Perceived Complexity and Cost vs Risk

Let’s examine Perceived Complexity and Cost first: ‘I don’t have to design and implement [foo] (or fooX or fooY or…). I don’t need to care how it works and I’ll only pay for the time or units I actually use. This is great!’. Your perception is that you’re reducing both complexity and cost, so that plot line is going down over time.

This is the siren song of pay-as-you-go models that employ managed black box services.

Now let’s take a look at Risk as use of all those managed services increases. You reach a point where virtually all (see what I did there) of the infrastructure your application utilizes is managed services. Each one a discreet function that’s been separated out from a web or application server long ago, all providing black-boxed service abstractions connected using some sort of glue or event triggers.

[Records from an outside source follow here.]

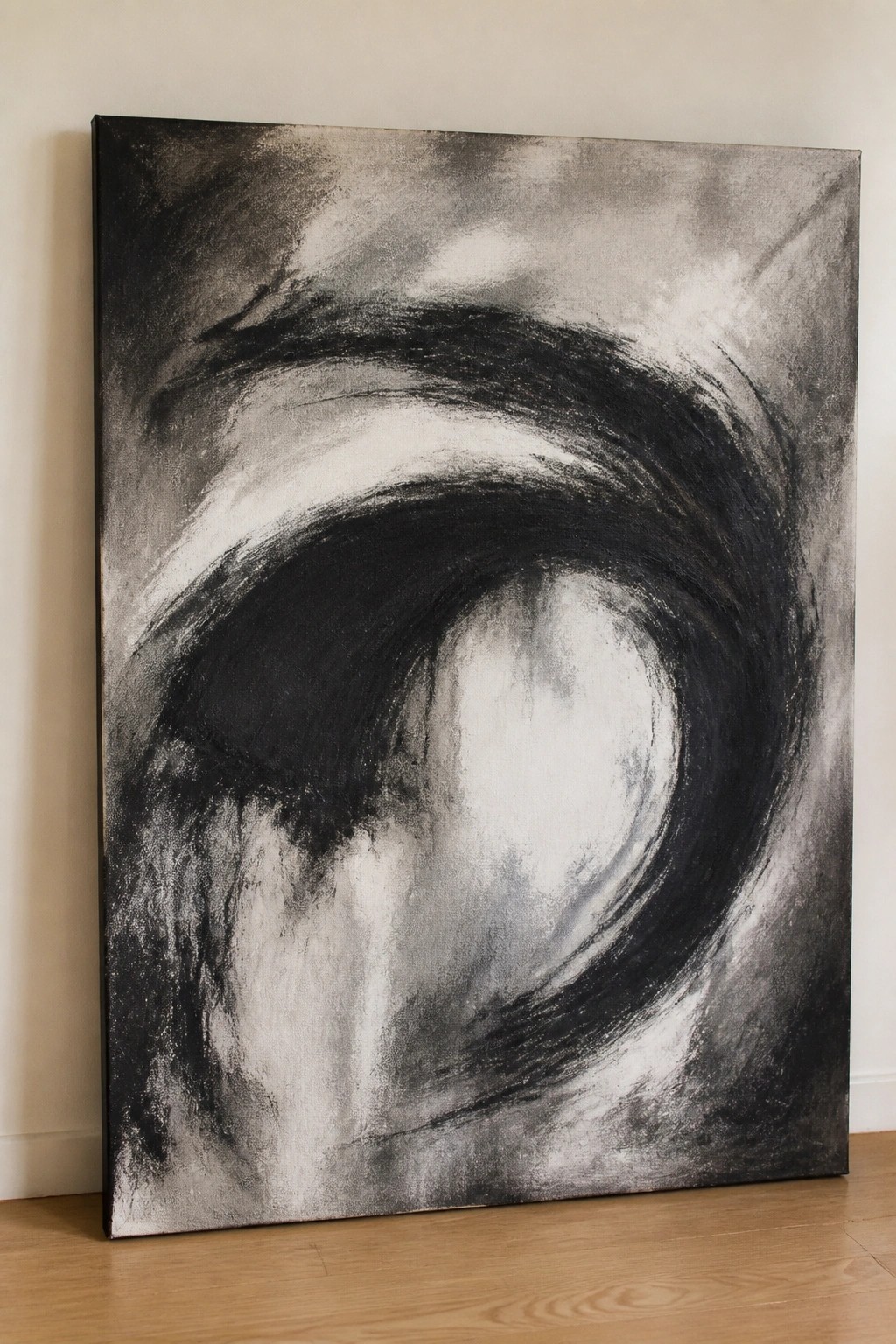 Large abstract black-and-white swirling vortex painting leaning on wooden floor against wall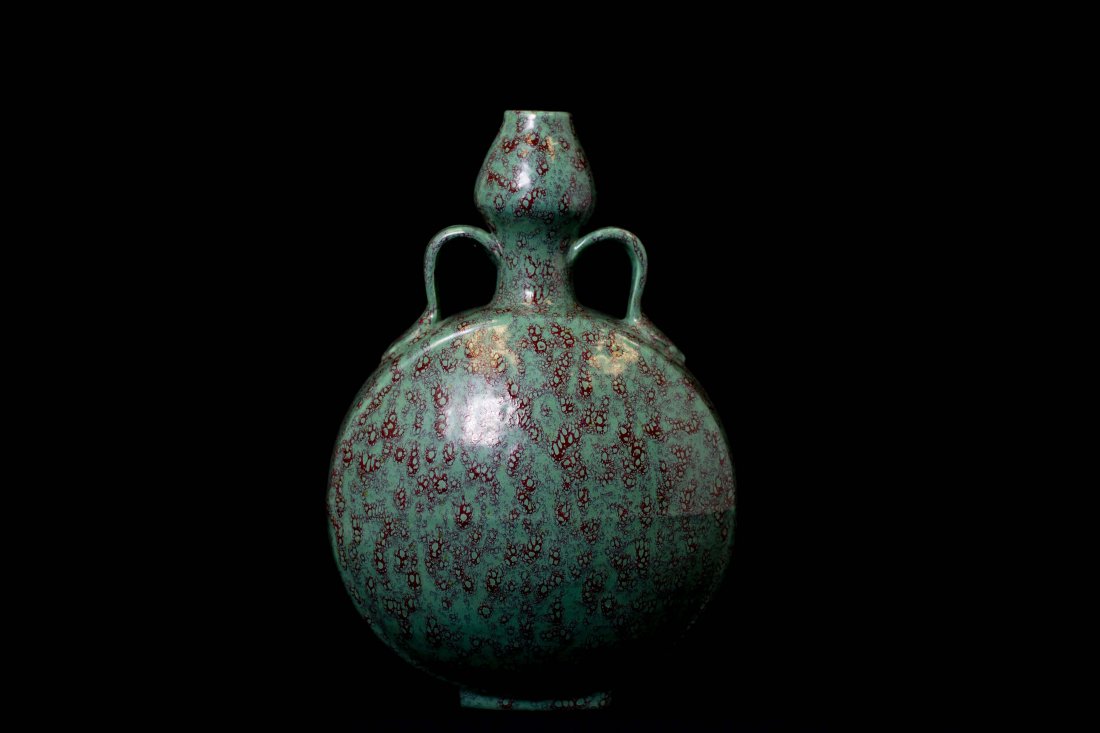A green glazed vessel: A rare green glazed vessel with red accents Chinese Moon Flask, Qianlong Mark on base. H 12in. (31cm)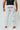 Athlete modeling white Atleta competition gi pants from behind, showing the red Gracie Barra print on the back waist and straight-leg competition cut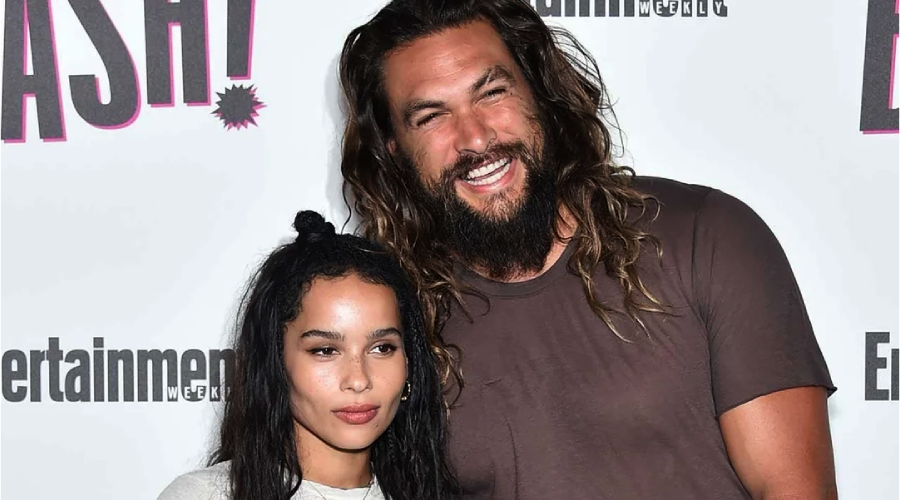 Two people pose together at an Entertainment Weekly event. The person on the left has long dark hair and a neutral expression, while the person on the right has long wavy hair, a beard, and is smiling with an arm around the other.
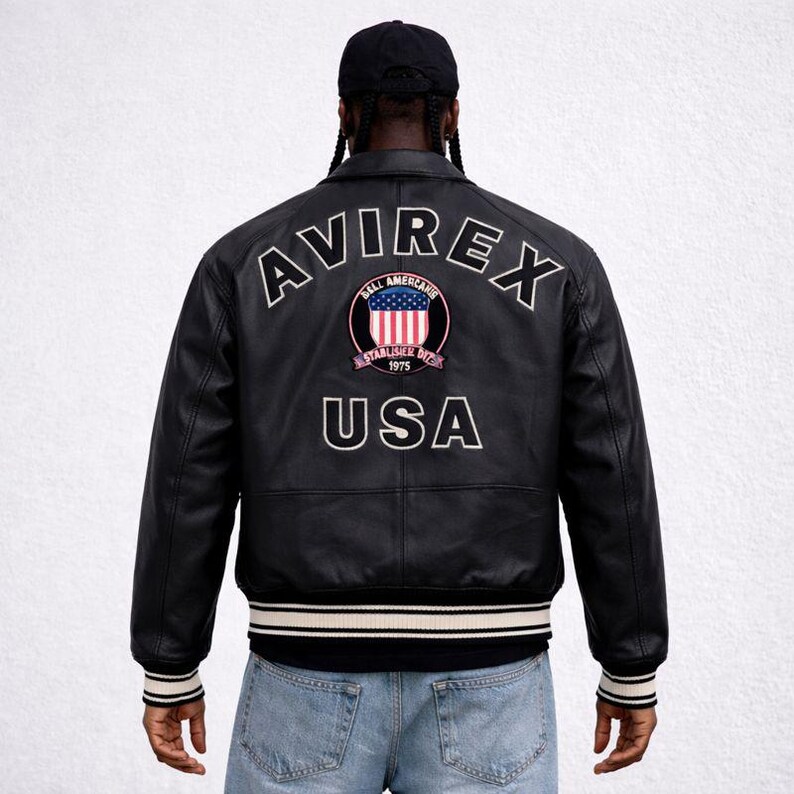 Puede incluir: Chaqueta de cuero negra con pu&ntilde;os y dobladillo a rayas blancas y negras. La parte trasera presenta la palabra "AVIREX" sobre un emblema circular con un dise&ntilde;o rojo, blanco y azul y la palabra "USA" debajo.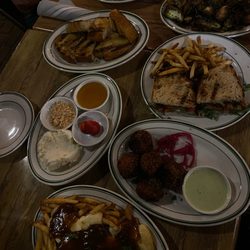 Hayward House Bistro - Top to bottom: Artichoke, brussels sprouts, eggplant sandwich, whipped feta with bread, chili croquettes, and poutine.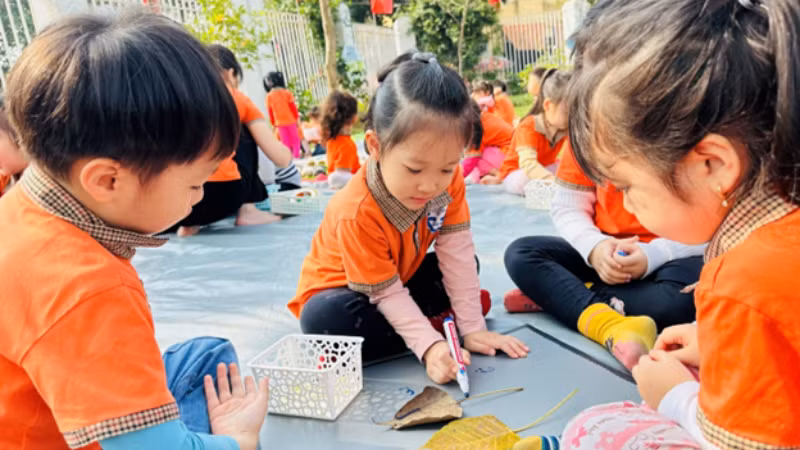 Các bạn nhỏ trong giờ hoạt động tạo hình con vật từ lá cây tại Trường mầm non Tuổi thơ (quận Hoàng Mai). 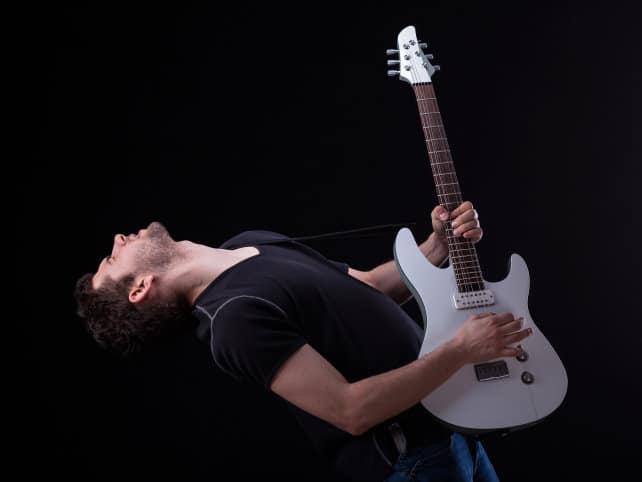 Guitar player arches backwards dramatically.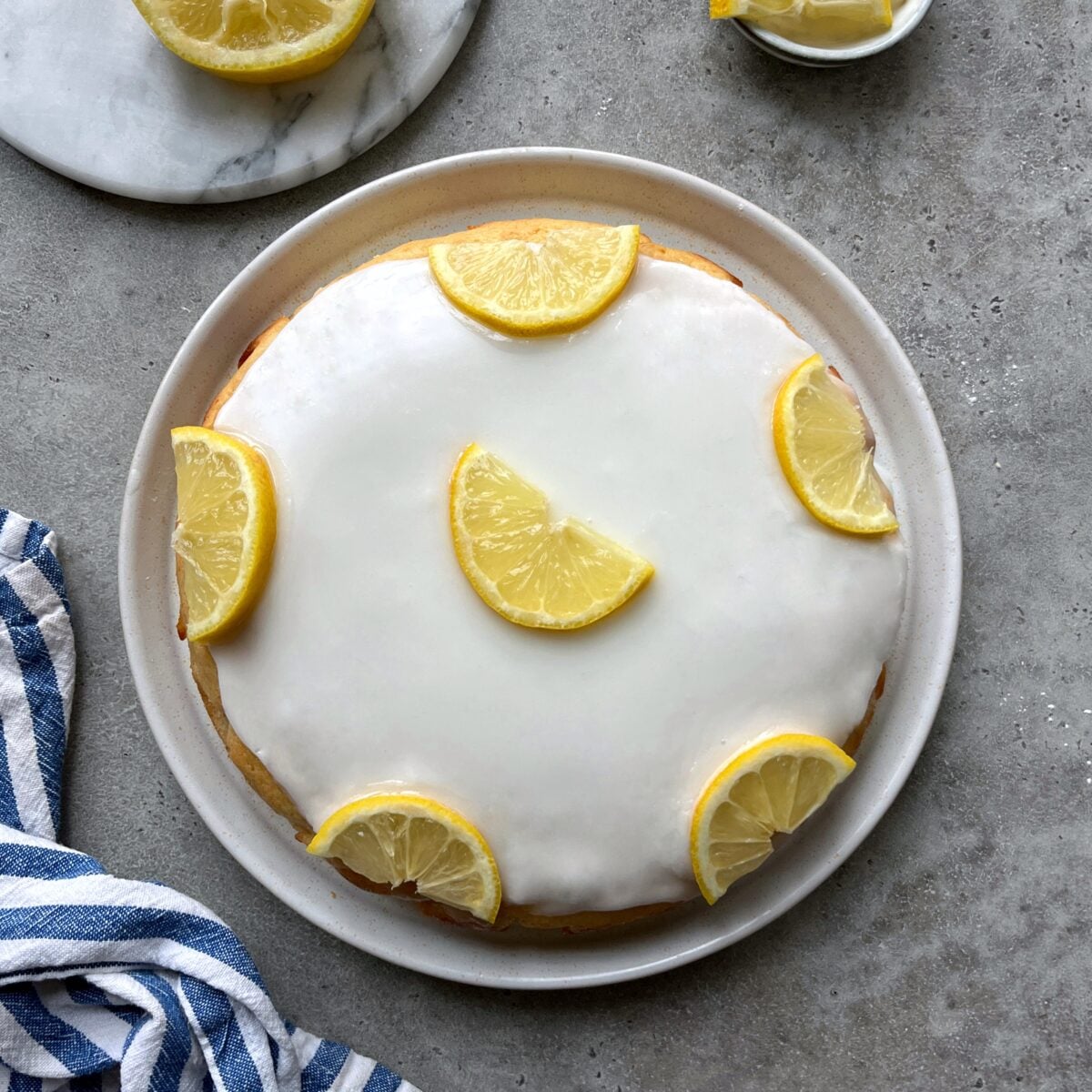 A round cake with white icing, topped with six lemon slices, sits on a plate. A striped towel and extra lemon slices are nearby on a gray surface.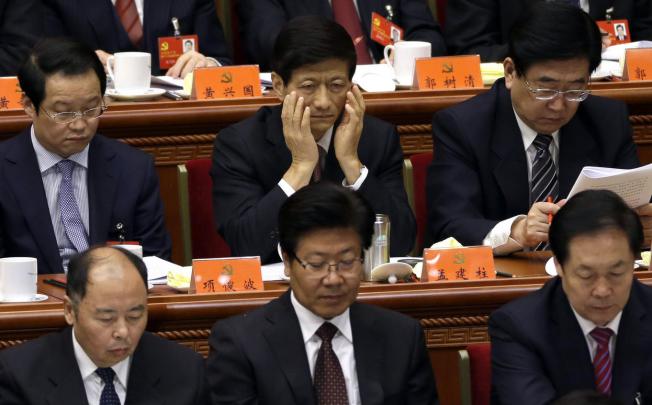 The appointment of Meng Jianzhu (top centre) as new security tsar has been welcomed by many as signalling the downgrading of the Communist Party's Political and Legal Affairs Commission. Photo: AP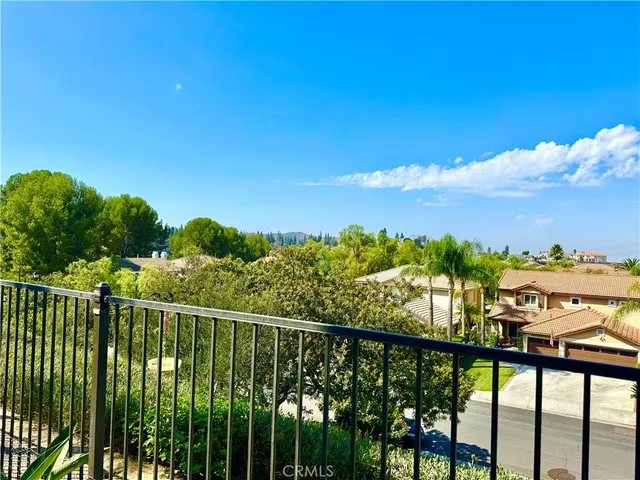 a view of a balcony with an outdoor space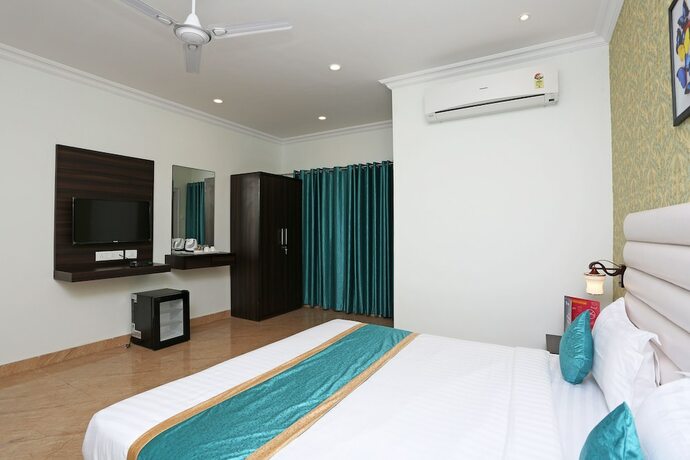 Imagen de la habitación del Hotel Oyo 9856 Mp Inn. Foto 8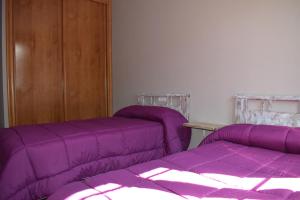 2 camas en una habitación con sábanas moradas en Tras do convento, en Samos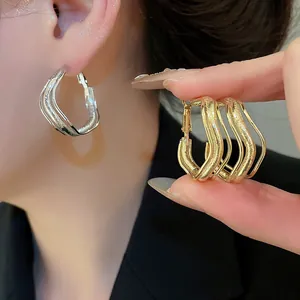 Gros plan de boucles d'oreilles créoles minimalistes à trois couches en or et argent.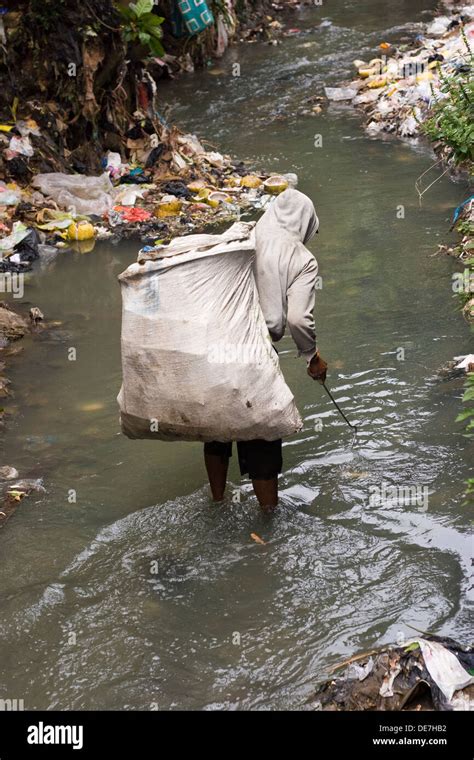 Man Throwing Garbage In The River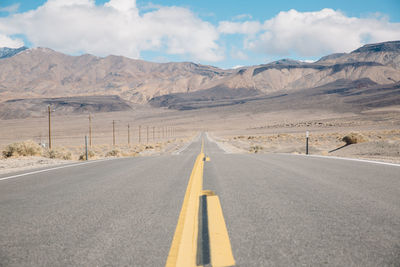 Empty road in desert against sky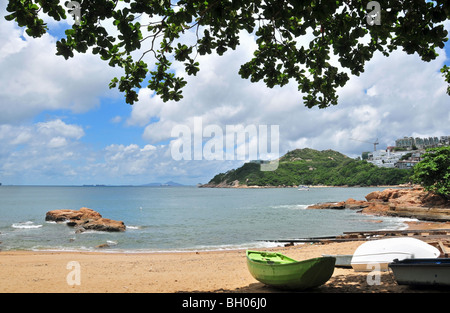 Ansicht von Stanley Bay, mit überhängenden Baum, kleine Boote am Strand, blauer Himmel und weiße Wolken, Stanley, Hong Kong, China Stockfoto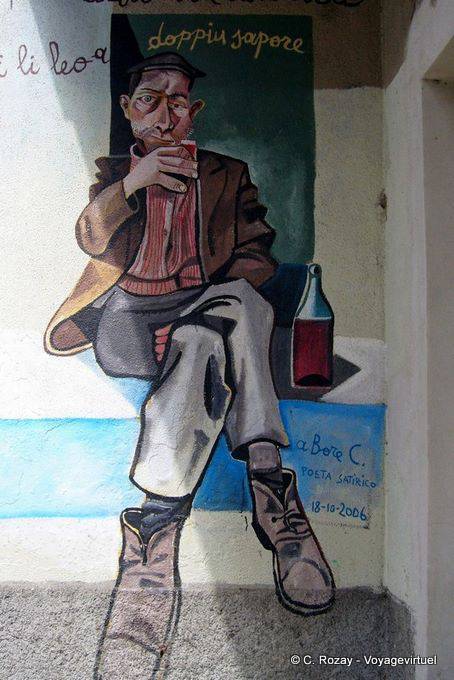 Orgosolo, double flavor tribute to C. Bore, satirist, murals - Sardinia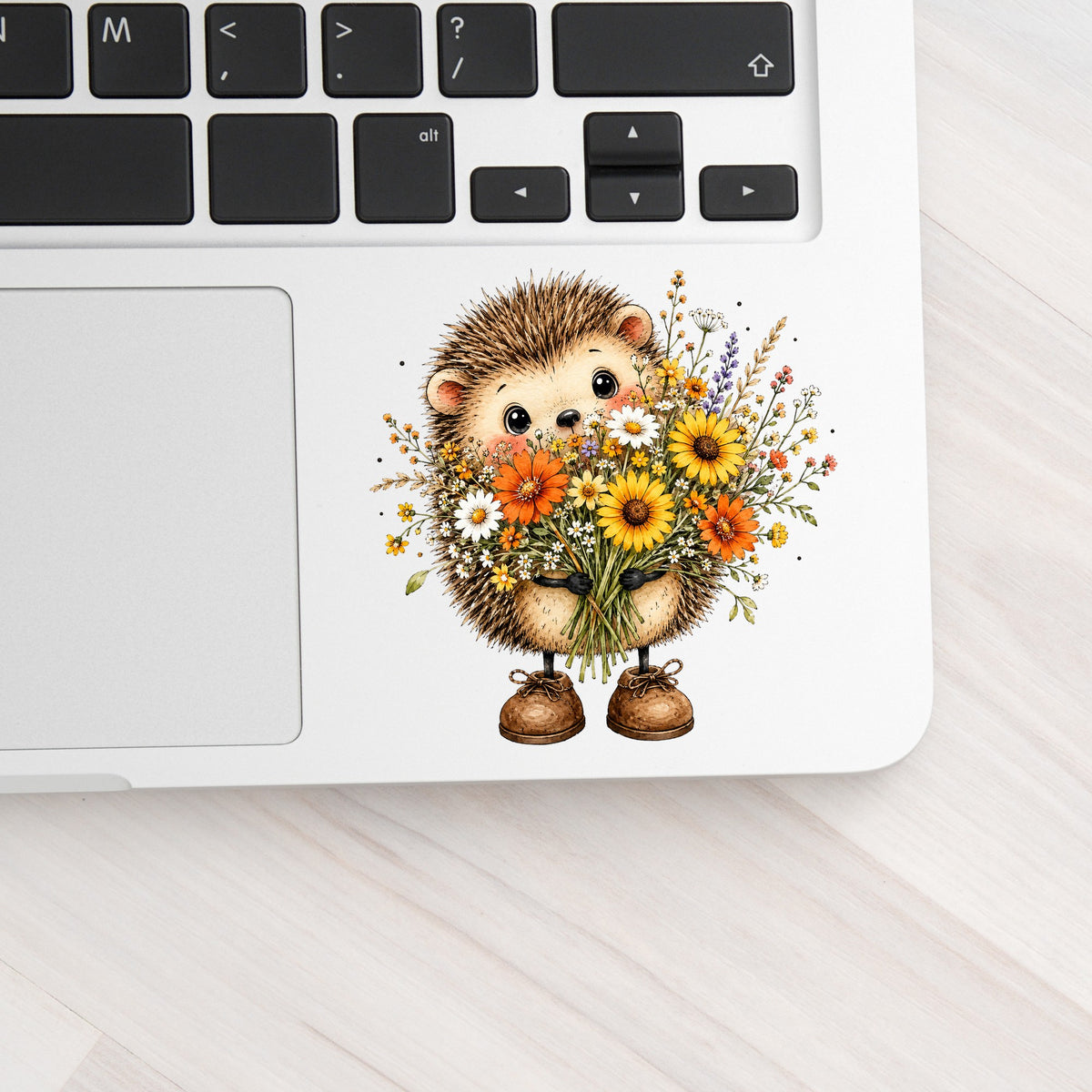 Hedgehog Holding Wildflower Bouquet UV DTF sticker applied to a silver laptop beside the keyboard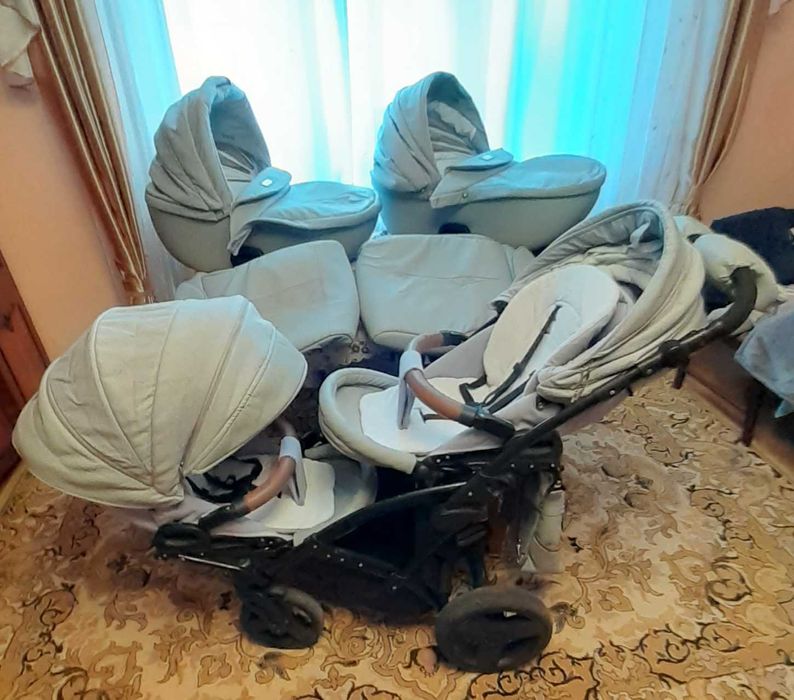 Універсальна коляска для двійнят Tako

All of that increases complexity and masks underlying risk that exists in the black boxes. Any one of these services can fail and take down your entire application all while not being able to see into that black box to undersand what’s happening. This is where the risk plot line starts to go vertical. You’ve rebundled a bunch of previously bundled services using proprietary glue you can’t control, inside a giant data center that’s heavily used & targeted by bad actors globally. I’ll explore the bad actor threat in a moment.

That heavy use means that systems designed to have a resiliency of [x] might hit a [y] or [y(2)] or whatever metric is used and simply fall over. If this sounds like buffer oveflow or packet loss or NIC saturation… you’re right. And if a third party dependency fails due to an otherwise isolated service failure in a single region (the happiest path), your stuff is still going to fail even if you aren’t deployed in that region. Because they are.

Unbundling has secondary and tertiary impact that isn’t well understood until it slaps you in the face like a Monty Python seabass on the pier.

Here’s the quote that you should share with your C-levels:

Abstraction doesn’t remove complexity. You just get lulled into a false sense of security and ignore it until a single incident causes a cascading systemic failure.

I have a lot of AWS friends and tried to keep my commentary impersonal. I saw reports stating that ‘…an unusual amount of incoming traffic overwhelmed some networking devices [..] causing packet loss’ which led to the outage. This suggests an incoming event that sure sounds like a DDoS attack.

The fact that the outage lasted an entire business day – at least 12 hours by my count – strongly suggests that it wasn’t just some bad device that went sideways. When that happens, you can simply remove the device and replace it. You’ve had an outage, sure… but one that lasted 15 minutes or less. I half-joked on twitter that when that happens, you use a hammer (to smash the bad gear) but if it’s a DDoS, you play whack-a-mole for several hours trying to stop the incoming flood of traffic.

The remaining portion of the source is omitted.